Lutheran Fraternal Firms plan to merge
Leaders of Lutheran Brotherhood, Aid Association for Lutherans say the deal makes sense
Leaders of the country’s two large Lutheran fraternal insurance societies want to combine their assets in a single merged organization with twice the muscle.
Bruce Nicholson, CEO of Minneapolis-based Lutheran Brotherhood (LB), and John Gilbert, head of Appleton, Wisconsin-based Aid Association for Lutherans (AAL), jointly announced plans to combine their firms at a news conference on June 27.
The merged organization would have almost 3 million members, with nearly $60 billion in assets under management. It would have a combined work force of 7,100, including both home office staffs and nationwide field staffs.
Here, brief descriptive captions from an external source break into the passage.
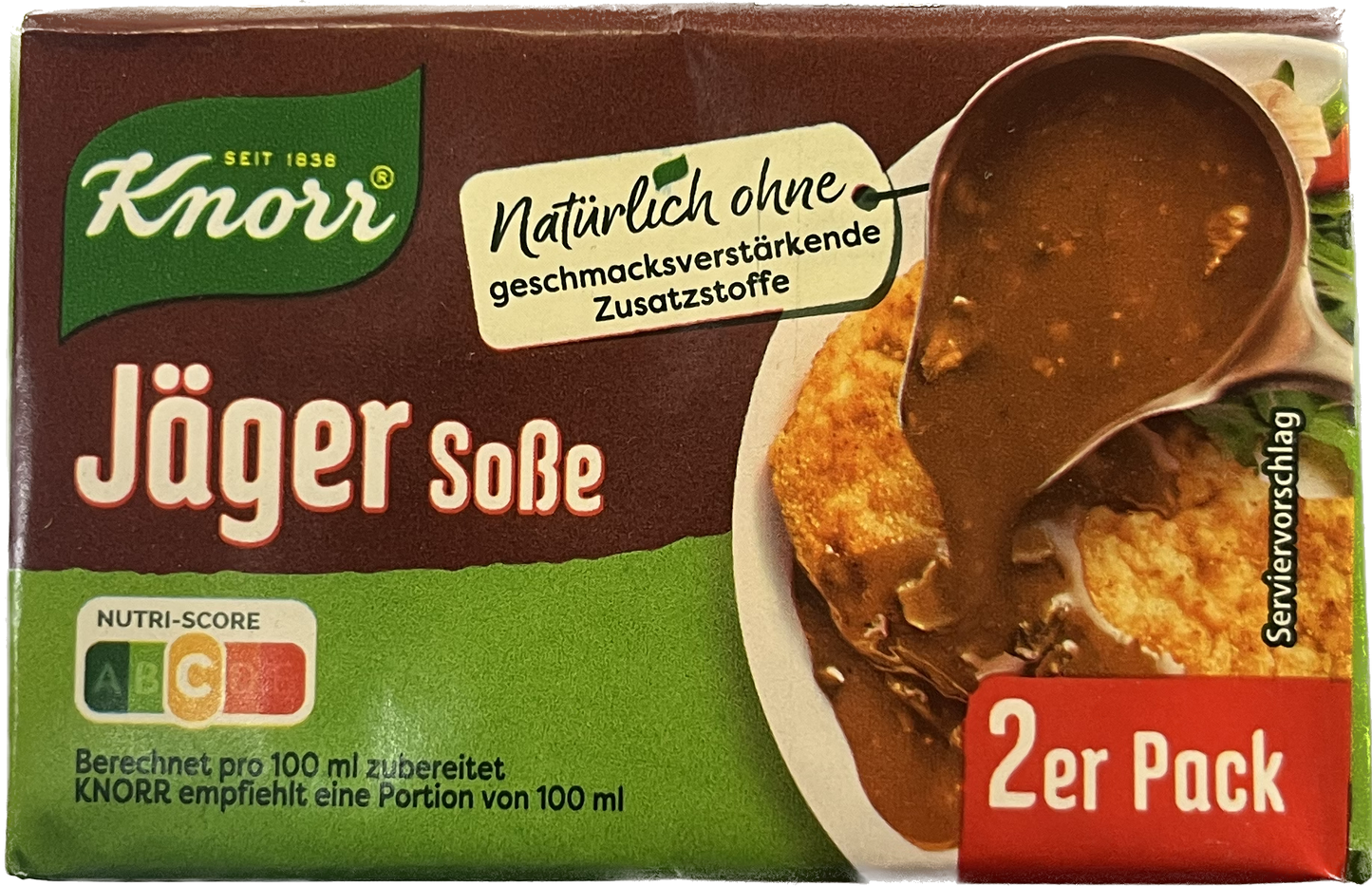 Jäger Sauce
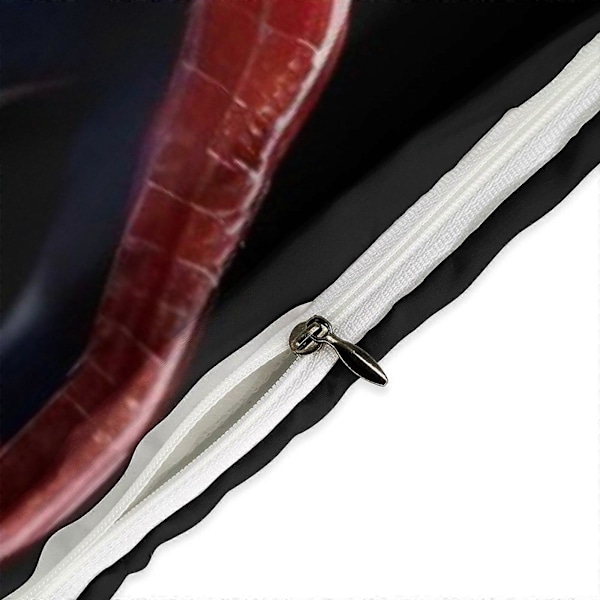 v739 Spider Man Crawl 3-delt sengesett for enkeltseng io739 135x200cm 53x78in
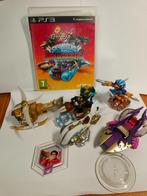 Skylanders PS3 game en figuren, Spelcomputers en Games, Games | Sony PlayStation 3, Avontuur en Actie, Gebruikt, 2 spelers, Ophalen of Verzenden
Competitors for decades, the two societies now want to join forces in the face of growing competition from other insurance firms. Both LB and AAL have, by charter, limited their sales to Lutherans, and the new firm would follow the same principle.
As fraternals, both groups provide financial benefits to Lutheran ministries in lieu of paying taxes on their profits.
Currently LB has 1.2 million members, 1,580 employees, a field force of 1,513, 1055 branches, and $25.1 billion under management. AAL has 1.8 million members, 2,113 employees, a field force of 1,881, 10,451 branches, and $31.0 billion assets under management.
A fact sheet prepared by the two companies explained that a merger made sense for both firms because “dramatic changes in the Lutheran Church and the financial services industries are impacting the way we work with our members.” It said the merged organization would have “a distinct and expanded capability to serve even more people and meet more member needs.”
The board of directors of both companies have already approved the plan. While not true for AAL, within the LB structure there is a 270-member voting assembly whose elected delegates would be required to approve such a step. The assembly normally meets only once every four years, but will be called into special session this fall to vote on the proposal.
Plans are to keep both central office buildings, using the Minneapolis facility for a corporate headquarters and the Appleton site as an operations center. Nicholson would be-come CEO of the combined firm, while Gilbert would serve as Chairman of the Board of Directors.
The new company would come into being by year’s end. A new name would be selected.
Both groups are nearly a century old. Aid Association for Lutherans was created by members of the Synodical Confer-ence, a now-defunct alliance that once served the interests of the Lutheran Church—Missouri Synod and the Wisconsin Evangelical Lutheran Synod.
Lutheran Brotherhood was created by members of the Norwegian Lutheran Church in America (later called the Evangelical Lutheran Church), shortly after that body was created in Minneapolis in 1917.
Historically, AAL has enjoyed the patronage of LCMS church members, while LB has built a support base among Lutherans in church bodies which became the Evangelical Lutheran Church in America (ELCA) in 1988.
In recent years those loyalties have begun to blur, as agents of both AAL and LB have increasingly crossed into what was traditionally the territory of the other group. In the past decade both AAL and LB have begun to make sizeable fraternal grants to Lutheran denominations jointly rather than separately.
Both AAL and LB are Fortune 500 companies. AAL ranks 477, while LB is listed 497. The merger would put a combined Lutheran fraternal organization somewhere in the middle of the list.
In addition to LB’s voting assembly, several federal regulatory agencies will also need to approve the proposed merger before it can be finalized.